### DATASET EXTRACT
+-------+
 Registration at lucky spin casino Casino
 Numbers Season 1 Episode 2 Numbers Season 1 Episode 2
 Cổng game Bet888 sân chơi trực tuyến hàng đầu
+-------+
In full and word for word, output the material.

### RESPONSE AREA
 Registration at lucky spin casino Casino
 Numbers Season 1 Episode 2 Numbers Season 1 Episode 2
 Cổng game Bet888 sân chơi trực tuyến hàng đầu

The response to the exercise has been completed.